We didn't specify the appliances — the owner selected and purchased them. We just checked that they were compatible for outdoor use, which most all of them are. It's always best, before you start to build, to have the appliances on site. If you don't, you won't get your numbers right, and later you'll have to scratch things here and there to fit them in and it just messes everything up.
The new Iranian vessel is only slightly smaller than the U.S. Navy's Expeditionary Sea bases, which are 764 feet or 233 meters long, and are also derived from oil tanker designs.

* * *

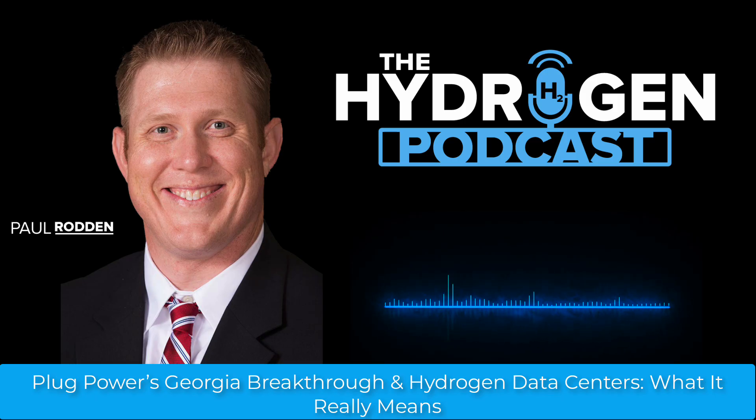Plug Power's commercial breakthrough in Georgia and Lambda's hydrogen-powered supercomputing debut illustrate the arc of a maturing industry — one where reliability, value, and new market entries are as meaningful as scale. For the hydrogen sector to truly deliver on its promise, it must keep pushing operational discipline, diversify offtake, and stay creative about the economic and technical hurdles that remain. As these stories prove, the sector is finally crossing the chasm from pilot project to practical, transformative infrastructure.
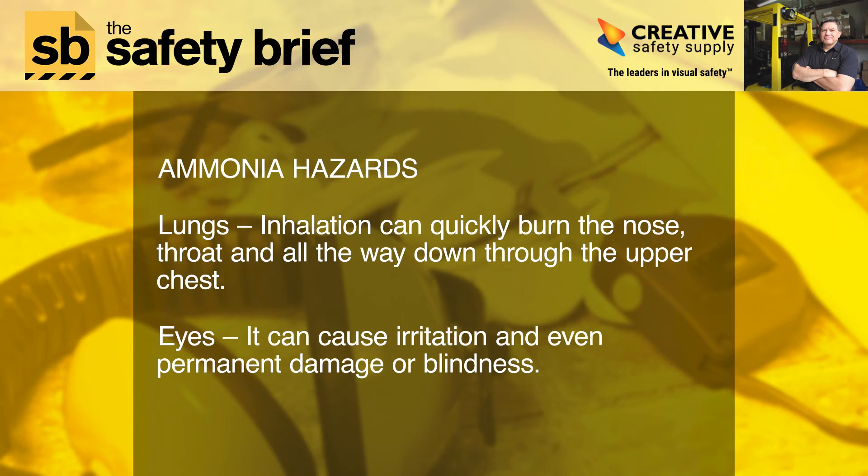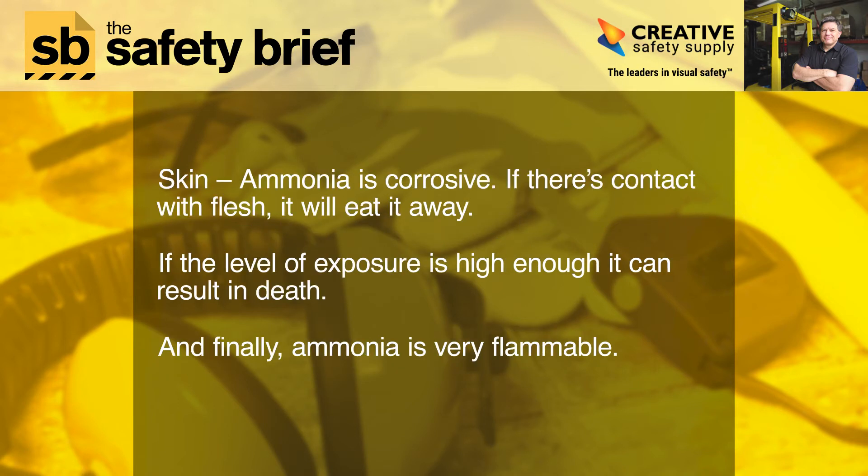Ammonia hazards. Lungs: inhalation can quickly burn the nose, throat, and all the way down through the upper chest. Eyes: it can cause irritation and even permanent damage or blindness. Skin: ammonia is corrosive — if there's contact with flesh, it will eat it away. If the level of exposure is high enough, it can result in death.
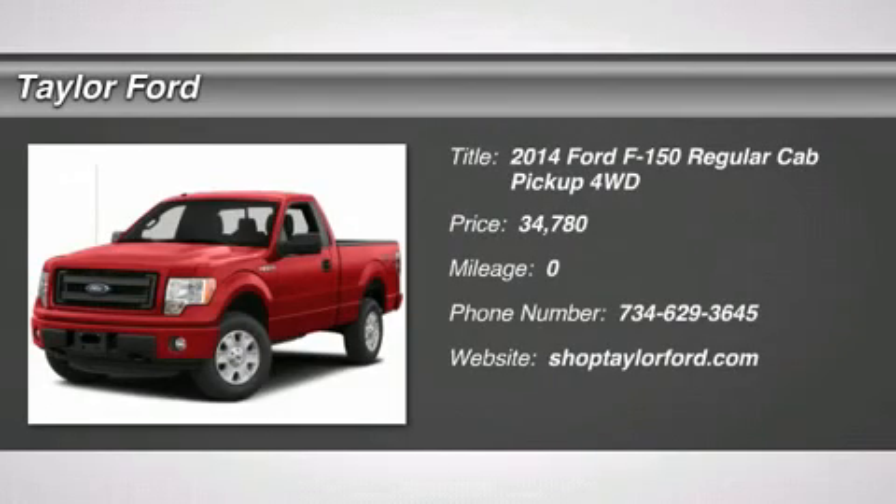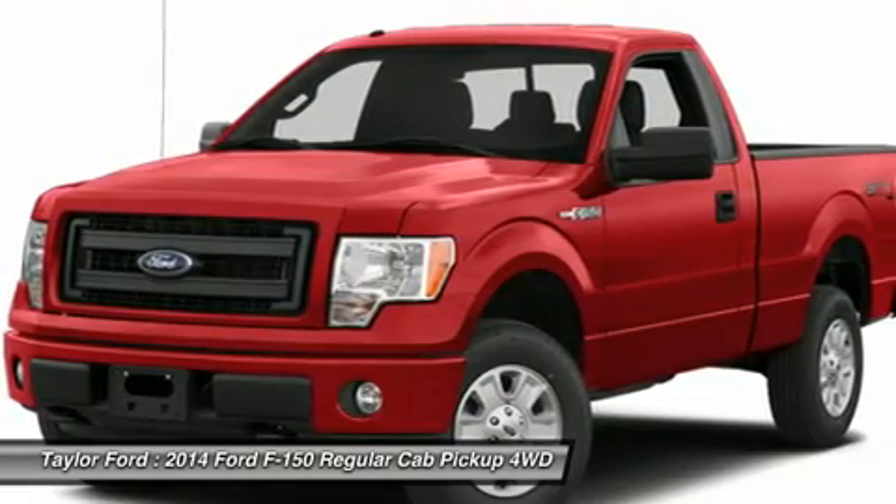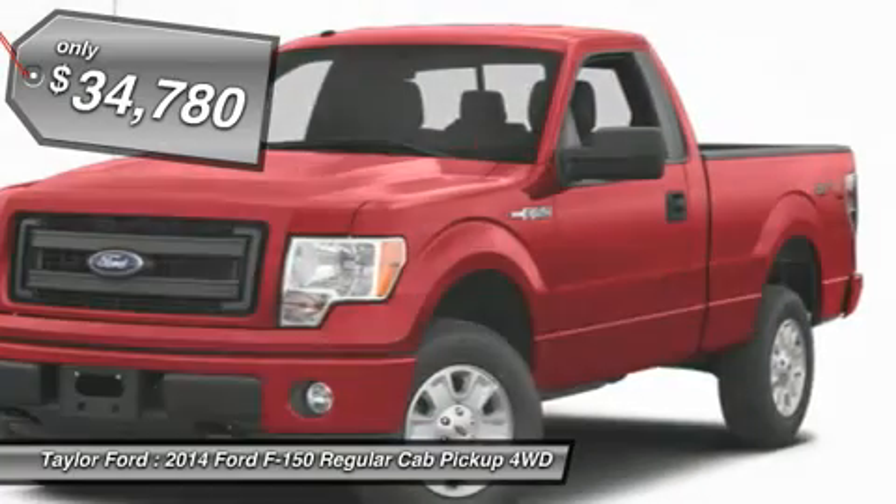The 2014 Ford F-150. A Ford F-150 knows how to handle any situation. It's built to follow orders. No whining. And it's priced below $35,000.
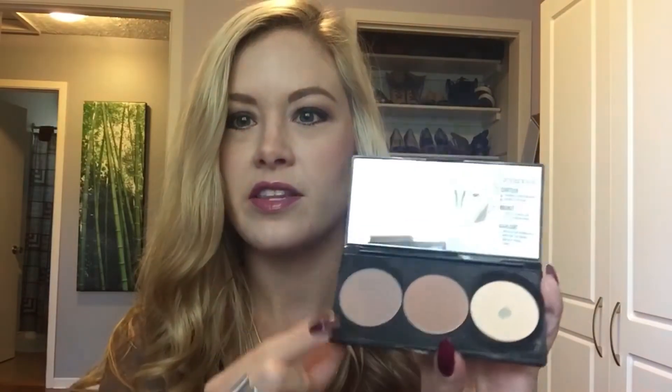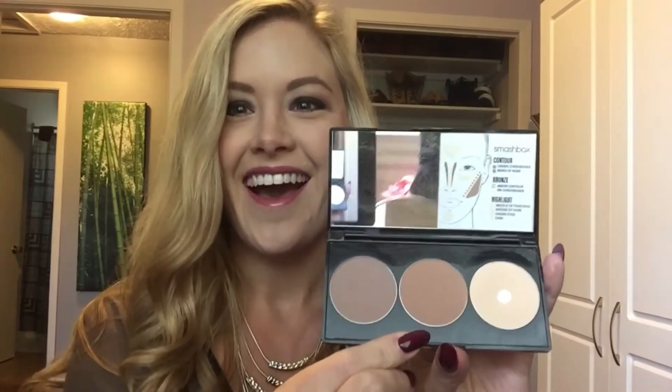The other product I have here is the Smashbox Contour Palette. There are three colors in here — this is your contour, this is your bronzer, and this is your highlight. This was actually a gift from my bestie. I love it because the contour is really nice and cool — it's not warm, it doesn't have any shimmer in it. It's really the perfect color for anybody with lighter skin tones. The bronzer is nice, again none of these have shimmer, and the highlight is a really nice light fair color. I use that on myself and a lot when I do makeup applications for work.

■ **WORK REQUIRED**:
Among the records above, locate the line containing "Plug Power's commercial" and the line containing "Ammonia hazards. Lungs: inhalation", then transcribe exactly the lines starting at the first and ending at the second, with no pictures.

■ **FINAL ANSWER**:
Plug Power's commercial breakthrough in Georgia and Lambda's hydrogen-powered supercomputing debut illustrate the arc of a maturing industry — one where reliability, value, and new market entries are as meaningful as scale. For the hydrogen sector to truly deliver on its promise, it must keep pushing operational discipline, diversify offtake, and stay creative about the economic and technical hurdles that remain. As these stories prove, the sector is finally crossing the chasm from pilot project to practical, transformative infrastructure.
Ammonia hazards. Lungs: inhalation can quickly burn the nose, throat, and all the way down through the upper chest. Eyes: it can cause irritation and even permanent damage or blindness. Skin: ammonia is corrosive — if there's contact with flesh, it will eat it away. If the level of exposure is high enough, it can result in death.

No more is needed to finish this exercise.